Nuestro cerebro los busca, permanentemente, como fórmula de ahorro, para evitar el consumo de energía, en este caso, de procesamiento mental. Las decisiones se automatizan (casi un 40% de las que tomamos a diario) y surgen patrones de conducta neurológicos, mucho más fáciles de mantener.

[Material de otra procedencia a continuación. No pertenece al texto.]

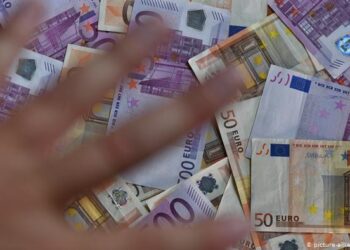 I ofronte qytetarëve vende pune në sektorin shëndetësor/ E reja mashtruese nuk ndalet: Një vend pune kushtonte 2500 euro!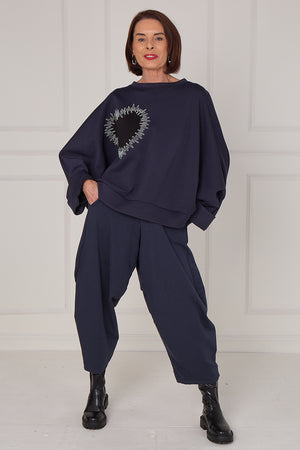 Black heart top in Navy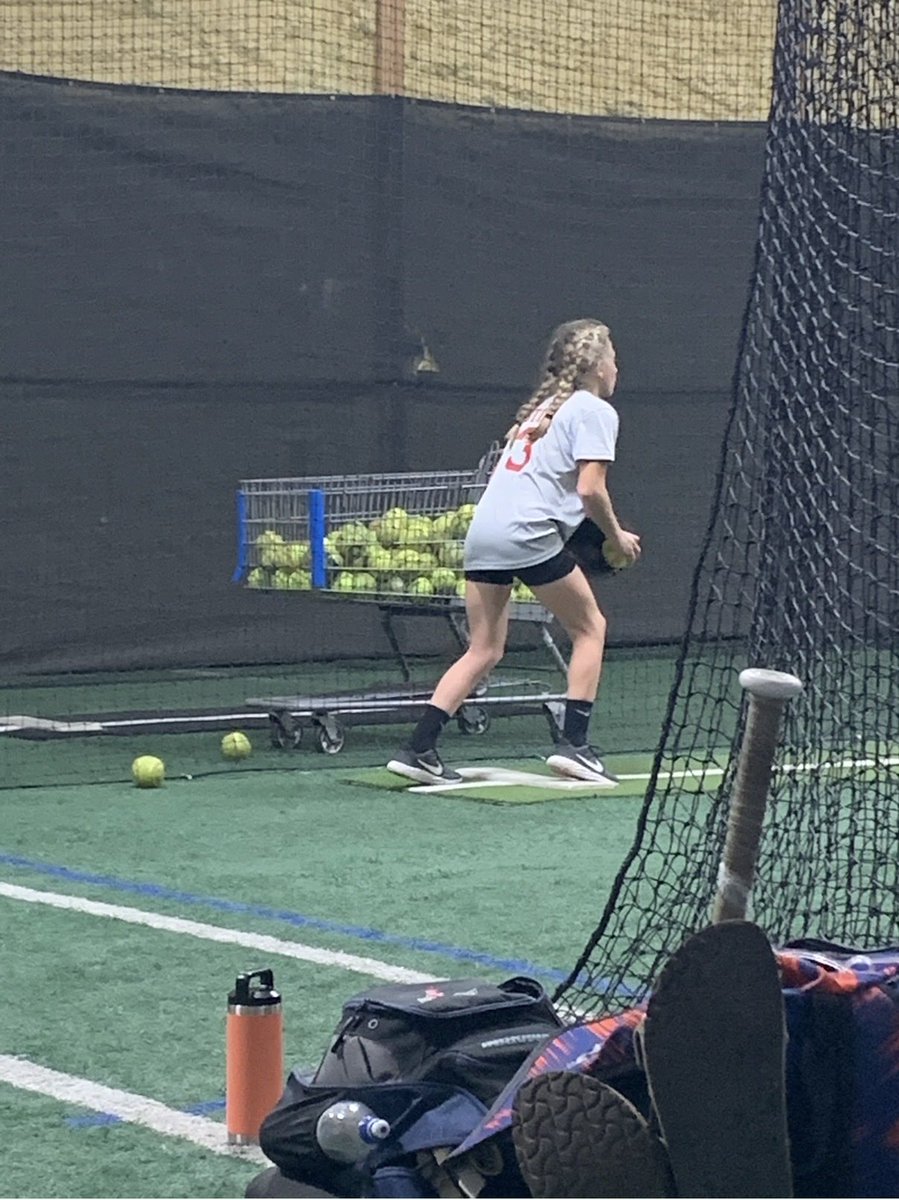 Aly Stier tweet media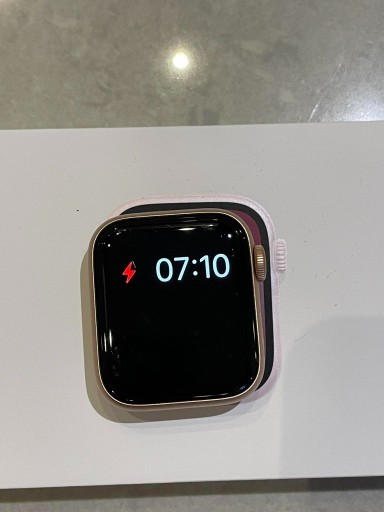 Zdjęcie oferty: Smartwatch Apple Watch Series 5 różowy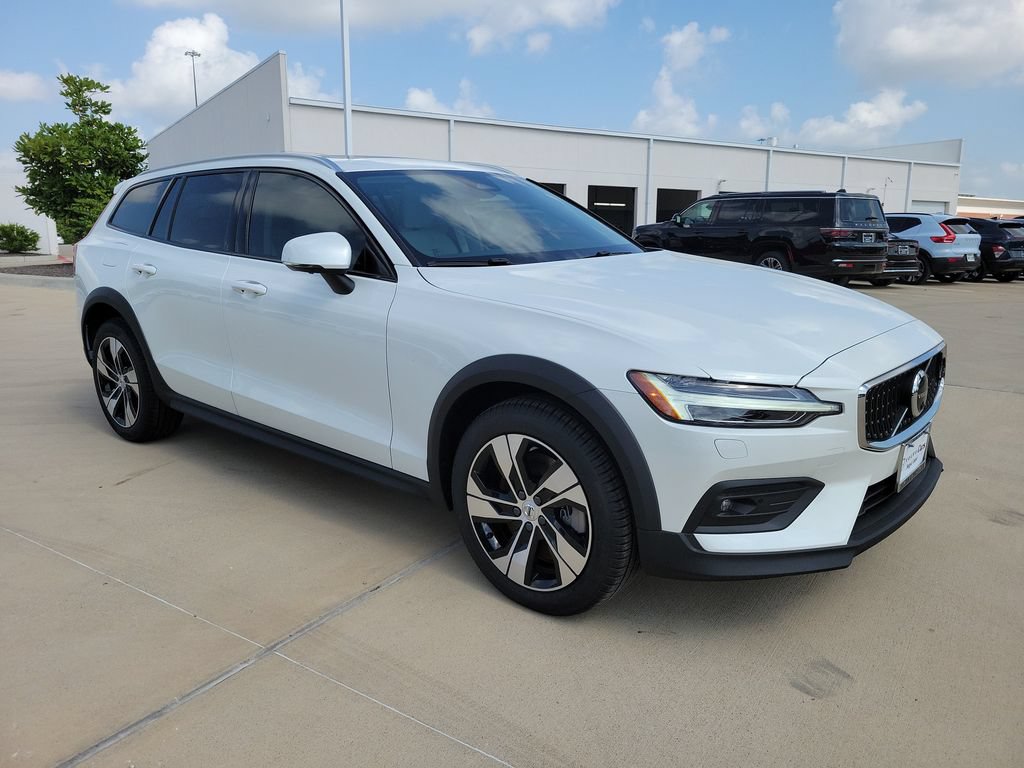 New 2026 Volvo V60 B5 Cross Country Plus w/ Climate Package AWD/4WD image 4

Como estableció claramente el “Departamento del cerebro y las ciencias cognitivas” del Instituto Tecnológico de Massachusetts (MIT) en los años 90, el “bucle del hábito” se establece a partir de 3 elementos: el disparador, la rutina y la recompensa. En el caso de un videojuego, todo es más sencillo, ya que los tres componentes son audiovisuales -atractivos, breves y de alto impacto- y están entrelazados. Si queremos que nuestros adolescentes lean, necesitamos empezar a establecer ese hábito en la franja inmediatamente anterior: entre los 7 y los 12 años, en la que los niños son autónomos desde un punto de vista tecnológico, leen sin dificultad y aún son “prescribibles” por parte de los padres y educadores. Si somos capaces de intervenir en ese periodo y crear rutinas sencillas, con recompensas a la lectura, tanto extrínsecas (premios, reconocimiento), como intrínsecas (orgullo, autoconfianza), lograremos adolescentes lectores, que mantendrán el hábito en base a recompensas puramente intrínsecas (el amor a las letras que seamos capaces de hacerles descubrir).

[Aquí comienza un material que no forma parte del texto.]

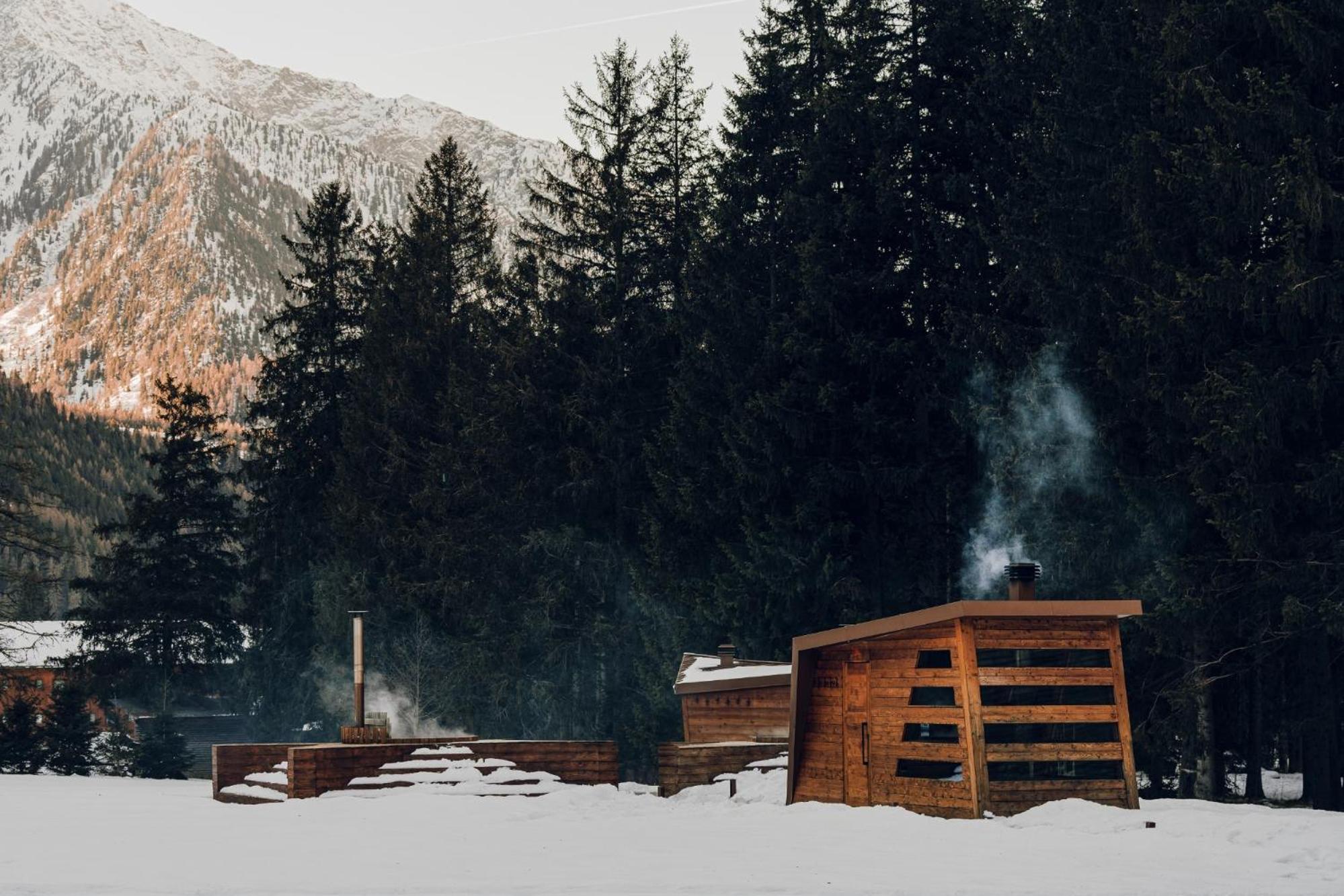 campZero Active Luxury Resort Champoluc Exterior foto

Quizá el auténtico cruce de caminos del que hablábamos al principio no se plantea entre lectura y videojuegos, sino entre algo mucho más relevante para nuestra civilización. Hablamos de una encrucijada entre leer y no leer, y no podemos permitirnos el lujo de que nuestros niños dejen de leer y se conviertan en adultos con escasa capacidad de discernimiento y, por tanto, manipulables.
Los caminos marcados, cuando no nos convencen, no tenemos que andarlos, sino crear unos nuevos. Y como dijo el poeta, se hace camino al andar.